Gleich nach der Pause knallt Diego Forlan einen Freistoß ins lange Eck. Am Ende haben die Uruguayer sogar das Schiedsrichtergespann gegen sich, als der Unparteiische nach einem Faller von Dominic Adiyiah in der 119. Minute auf Freistoß vor Uruguays Tor entscheidet und der Assistent fünf im Abseits stehende Ghanaer übersieht. Eine gefühlte Ewigkeit flippert der Ball durch den Strafraum und fliegt in der letzten Sekunde des Spiels auf einmal ungebremst Richtung Tornetz. Doch auf der Linie steht Stürmer Luis Suarez und patscht die Kugel mit beiden Händen zurück ins Feld. War Maradonas Handspiel 1986 die Hand Gottes, ist dies die Hand des Teufels. Elfmeter. Suarez sieht Rot und trottet mit unschuldigem Blick vom Platz. Als Asamoah Gyan Ghanas Matchball an die Latte setzt, verfolgt Suarez den Fehlschuss aus der Ferne – und jubelt verschmitzt.
Nach der zweifelhaften Aktion geht Uruguay mit dem gigantischen Selbstbewusstsein eines zweimaligen Weltmeisters ins Elfmeterschießen. Keeper Fernando Muslera pariert zwei Schüsse, bis der sympathische Wandervogel Sebastian Abreu antritt und das Duell mit einem Lupfer entscheidet. Trainer Oscar Tabarez sagt später: „Ich bin stolz auf das Team. Wir haben nicht gut gespielt, aber der Sieg war verdient.“ Nicht gut gespielt und trotzdem verdient gewonnen. Gegen alle Widerstände. Sogar gegen die Regeln. Mit viel List. Das Spiel war eine Blaupause des uruguayischen Fußballs.

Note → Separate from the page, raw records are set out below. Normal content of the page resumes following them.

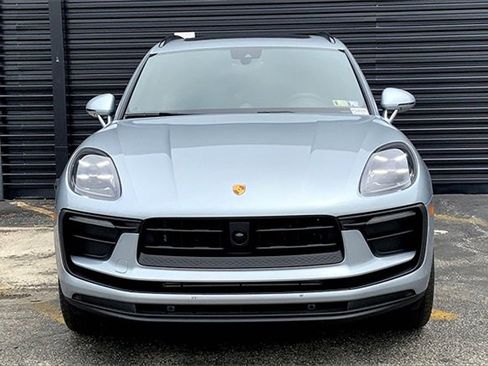 New 2025 Porsche Macan image 13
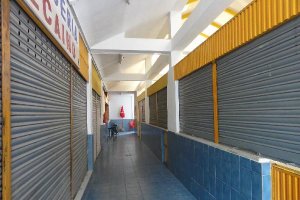 El mercado se encuentra prácticamente vacío a diario y sólo tres puestos mantienen abiertas sus puer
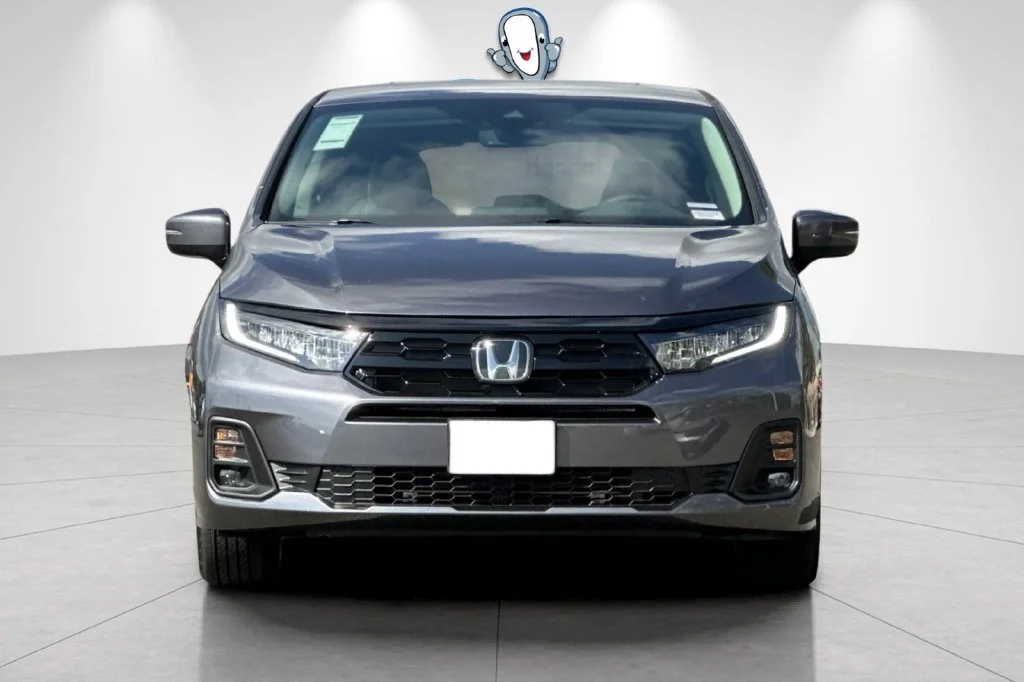 Used 2026 Modern Steel Metallic Honda Touring image 10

„Uruguays Spieler können mental gut mit Rückschlägen umgehen. Es hat schon viele Duelle gegeben, die unsere Teams kurz vor Schluss gedreht haben“, sagt Nestor Gonçalves, Chef des Jugendscoutings bei Penarol und Sohn der gleichnamigen Klublegende, dessen Spitzname „Tito“ lautete. Er denkt nicht vornehmlich an den WM-Titelgewinn von 1930 oder an den Coup 1950, als Uruguay ganz Brasilien im Maracana in Agonie stürzte. Eher an die Husarenstreiche von Penarol in der Copa Libertadores, beispielsweise an das Finale 1987, das die Elf aus Montevideo durch einen Treffer in der 120. Minute des dritten Finalspiels gegen den kolumbianischen Vertreter America de Cali für sich entschied.
Achtmal gewannen die Großklubs des Landes, Penarol und Nacional, die Copa, jene südamerikanische, wilde Version der Champions League – so oft wie alle Klubs aus den übrigen Teilnehmerländern – Argentinien und Brasilien ausgenommen – zusammen. Mit Argentinien ist Uruguay Rekordsieger der Copa America, zehnmal besiegte die Celeste den übermächtigen Nachbarn im Finale. Die meisten Titel liegen zwar lange zurück, aber die Siegermentalität hat die Jahrzehnte überdauert.
„Uruguay hat oft den Großen die Party versaut. Das nährt einen Mythos. Uns gefällt dieses Image“, meint Juan Verzeri, der als Trainer mit der U20 im Jahr 2013 Vizeweltmeister wurde, als seine Jungs unter anderem Topfavorit Spanien in der Verlängerung besiegten. Dieser Erfolg wird von außen oft mit einer mitunter feindseligen, stets aber sehr hingebungsvollen Spielweise verbunden. Mit kaum dreieinhalb Millionen leben in der „Republik östlich des Flusses Uruguay“ – so der offizielle Name – weniger Menschen als in Berlin. Von den aktuellen WM-Teilnehmern haben nur Katar und Wales weniger Einwohner. Doch die Rolle des Underdogs lebt wohl keine Fußballnation schon so lange derart erfolgreich aus wie die Südamerikaner. „Wir leben in einem winzigen Land zwischen zwei riesigen Nationen. Wenn man da nicht immer kämpft, ist es schwierig, überhaupt irgendetwas zu erreichen,“ so Nestor Gonçalves.